Harga Beras Naik, Ini Tanggapan Pengamat Ekonomi di Kalteng

Harga Beras Naik, Ini Tanggapan Pengamat Ekonomi Kalteng
Pengamat ekonomi di Kalteng Suherman (Ist)

PALANGKA RAYA – Harga kebutuhan pokok seperti beras di wilayah Indonesia maupun di Kalimantan Tengah beberapa pekan terakhir mengalami kenaikan yang signifikan.

Pengamat ekonomi sekaligus Peneliti Institute For Economic Research and Training (Interest) Suherman mengatakan penyebab kenaikan harga pangan khususnya beras di Indonesia, tentunya bisa diliat dari 2 sisi, baik internal maupun eksternal.

“Beberapa faktor internal itu misalnya fenomena perubahan iklim, infrastruktur pendukung pertanian kurang memadai , kualitas dan produktivitas pangan yang rendah serta gangguan pada rantai pasok (supply chain),” kata Suherman, di Palangka Raya, Senin 26 Februari 2024.
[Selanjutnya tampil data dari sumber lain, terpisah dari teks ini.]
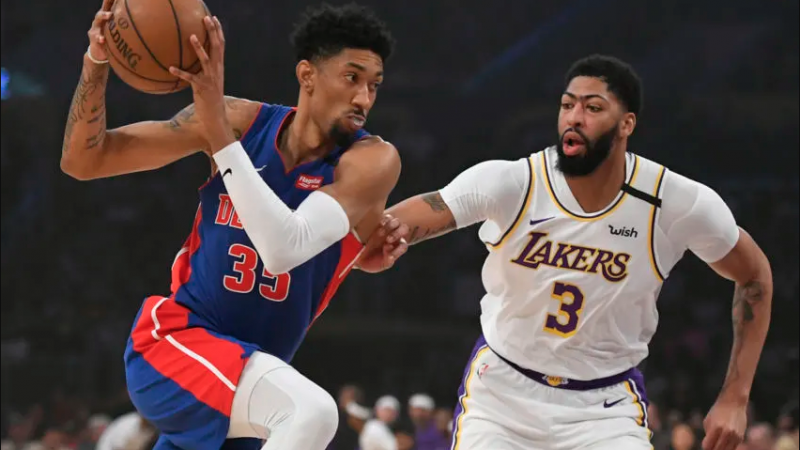 Reviewing the 2019-20 Detroit Pistons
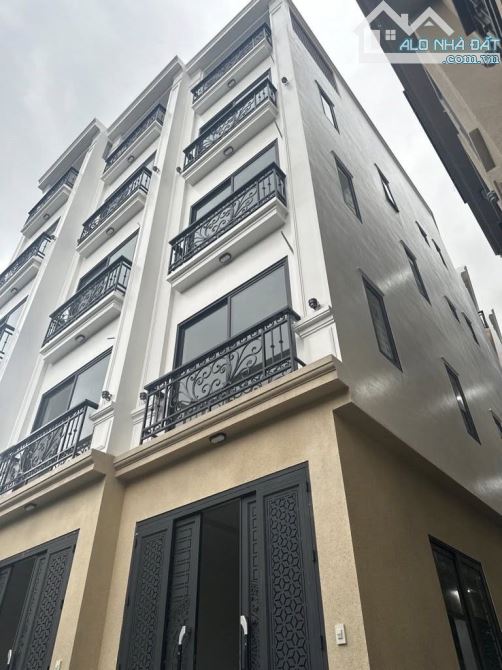 🏡 TÂY MỖ – LÔ GÓC 2 THOÁNG – 35M² – 5 TẦNG NHÀ MỚI – 30M RA Ô TÔ – HƠN 5 TỶ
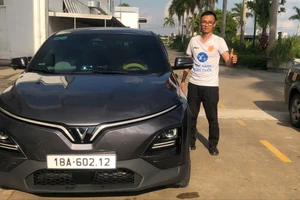 Khách Việt kể chuyện đổi xe xăng sang VinFast VF 6 vì cảm giác lái... gây nghiện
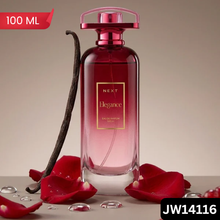 Elegance – A Fresh, Floral & Warm Woody | 100ML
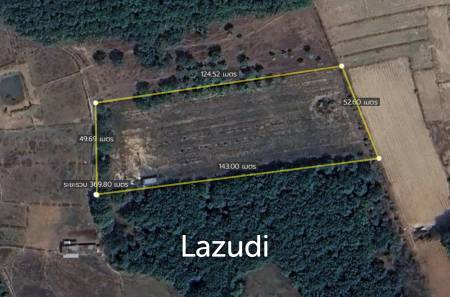 3 Rai Land for Sale with Mountain views in Tha Sai.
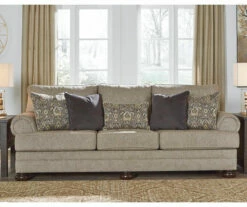 Kananwood Oatmeal Sofa -FurniHub Store 810594639 3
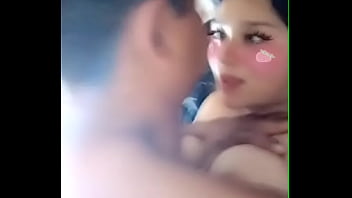 Esposa Le Fascina Que La Haga Mi Perra, Le Chupo Deliciosamente Esas Tetas Naturales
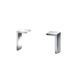 Ножки для тумбы DURAVIT L-CUBE UV999300000 UV999300000 фото 1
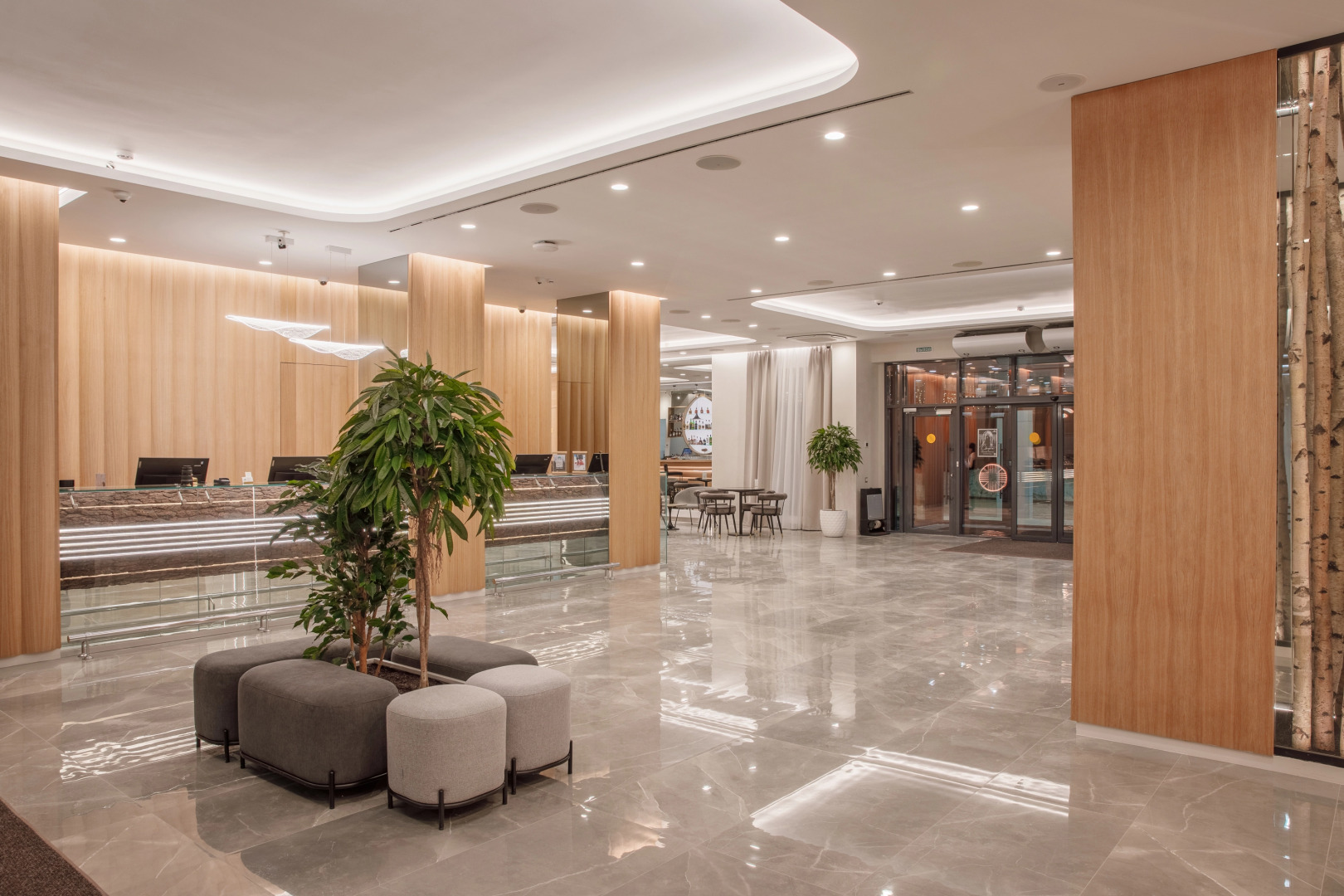 Парк-отель Доброград (корпус Grand)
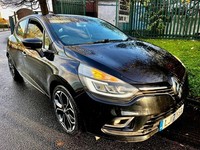 2017 Renault Clio 1.5 dCi Dynamique S Nav Euro 6 (s/s) 5dr HATCHBACK Diesel Manu
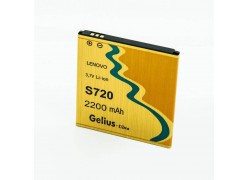 Усиленный аккумулятор Gelius Ultra для Lenovo S720, S750, S870, A800, A820 (2200 mAh)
Dosen Fakultas Ekonomi dan Bisnis (FEB) Universitas Palangka Raya (UPR) menjelaskan, sepanjang tahun 2023, fenomena perubahan iklim menyebabkan para petani tidak bisa memaksimalkan produksi pertanian. Faktor tersebut tidak bisa diabaikan.
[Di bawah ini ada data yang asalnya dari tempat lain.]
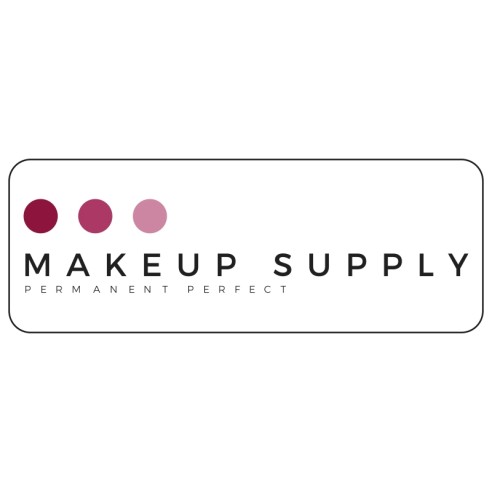 Adesivo MakeUp Supply - 11x4 cm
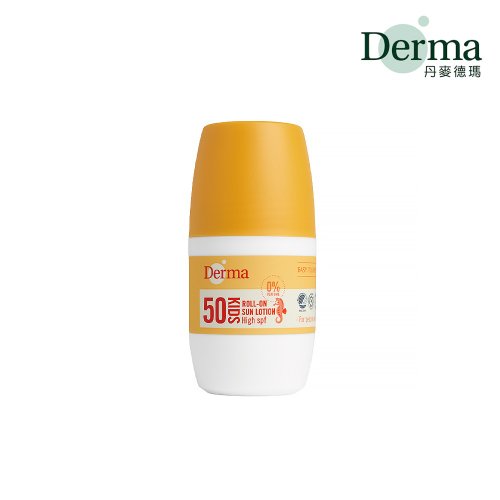 閃物 SHINYGOODS 【Derma】兒童滾珠防水防曬乳 50ml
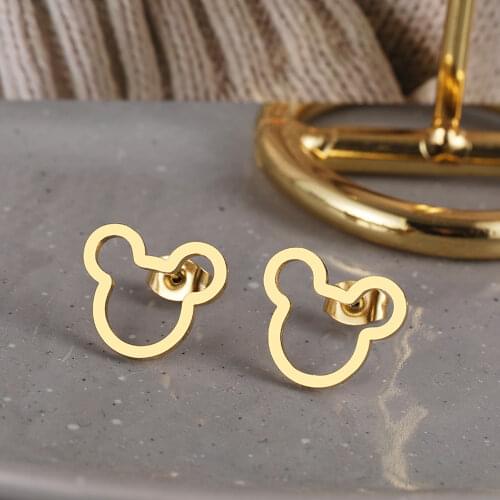 Cacana Earrings For Children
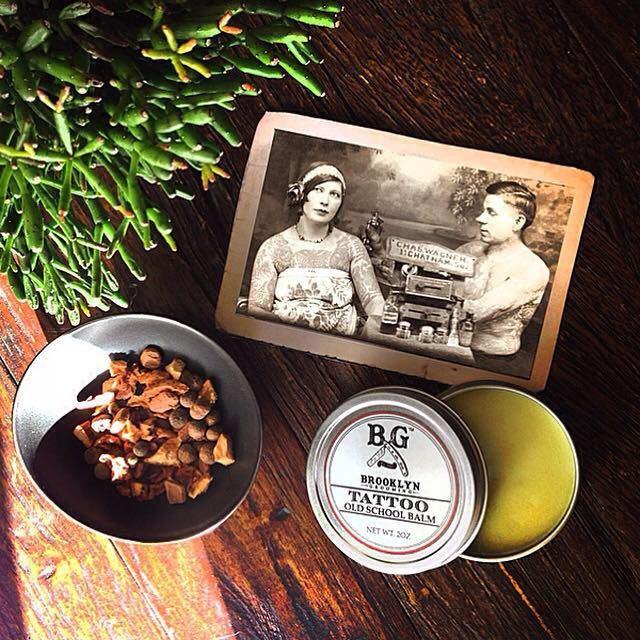 Tattoo Balm - Old School Tattoo Balm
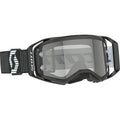 SCOTT Prospect 2.0 LS Goggle - Black/White - Light Sensitive - Gray Works Lens  421470-1007327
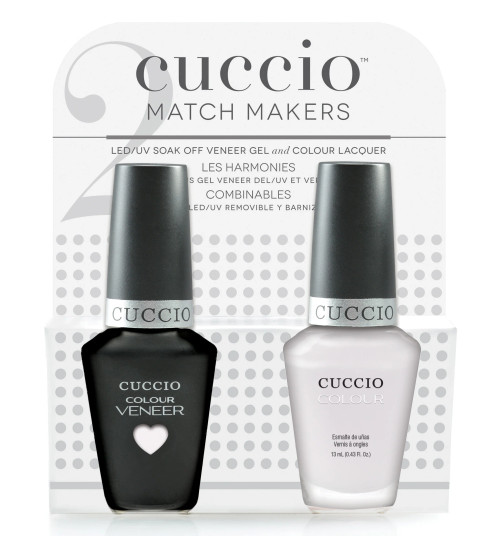 CUCCIO Gel Color MatchMakers Cupid In Capri - 0.43oz / 13 mL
“Belum lagi rantai distribusi pangan masih jadi masalah juga, kadang ada yang melakukan penimbunan sehingga menyebabkan kelangkaan,” jelasnya.

Selain itu, Beberapa faktor eksternal juga seperti konflik politik yang berlangsung di negara-negara produsen pangan menyebabkan terjadinya krisis energi global, dan juga perubahan nilai tukar yang fluktuatif.
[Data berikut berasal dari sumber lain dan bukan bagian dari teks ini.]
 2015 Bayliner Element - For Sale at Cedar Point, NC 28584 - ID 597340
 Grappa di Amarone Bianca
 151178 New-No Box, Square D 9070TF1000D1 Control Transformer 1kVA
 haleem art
“Diluar itu kita tidak bisa mengesampingkan juga faktor psikologis yang mempengaruhi perilaku konsumen, seperti spekulasi, ketakutan, dan kepanikan,” ujarnya.

Suherman menyebut, dampak kenaikan harga pangan belum bisa dipastikan akibat dari Pemilu 2024. Namun yang pasti, kenaikan harga bisa terjadi karena meningkatnya permintaan dan pengeluaran masyarakat serta adanya potensi konflik dan ketidakstabilan politik pasca Pemilu 2024.

Selain itu, menjelang bulan Ramadhan turut berpengaruh terhadap kenaikan harga pangan. Hal itu lantaran, permintaan akan bahan pangan utama seperti beras, telur, daging, dan minyak goreng, akan mengalami peningkatan seiring dengan persiapan masyarakat menyambut bulan suci ramadhan.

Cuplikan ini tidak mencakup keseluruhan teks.